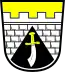 Blason de Mering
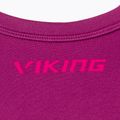 Kinder-Thermowäsche Viking Skido Recycled rosa 500/23/1200 9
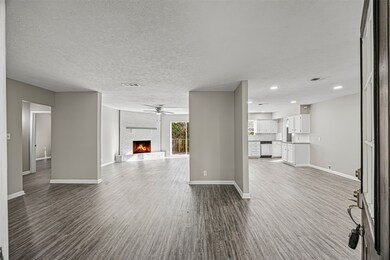 Stepping inside, you'll appreciate how spacious th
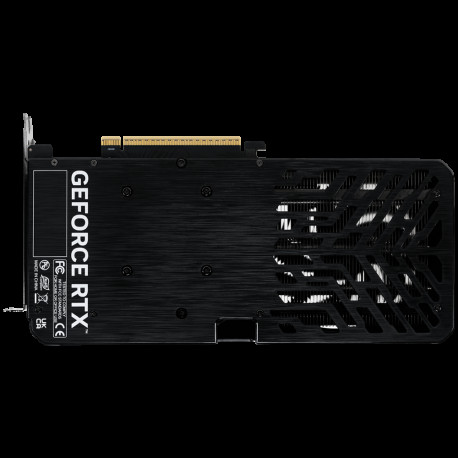 Видеокарта Palit RTX5060 DUAL OC 8GB GDDR7 128bit 3xDP HDMI 2FAN RTL-6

YOUR OBJECTIVE:
All lines from the one holding "Stepping inside, you'll" through the last line of the material above should be set down exactly, and the pictures should be left out.

TASK RESULT:
 Stepping inside, you'll appreciate how spacious th
 Видеокарта Palit RTX5060 DUAL OC 8GB GDDR7 128bit 3xDP HDMI 2FAN RTL-6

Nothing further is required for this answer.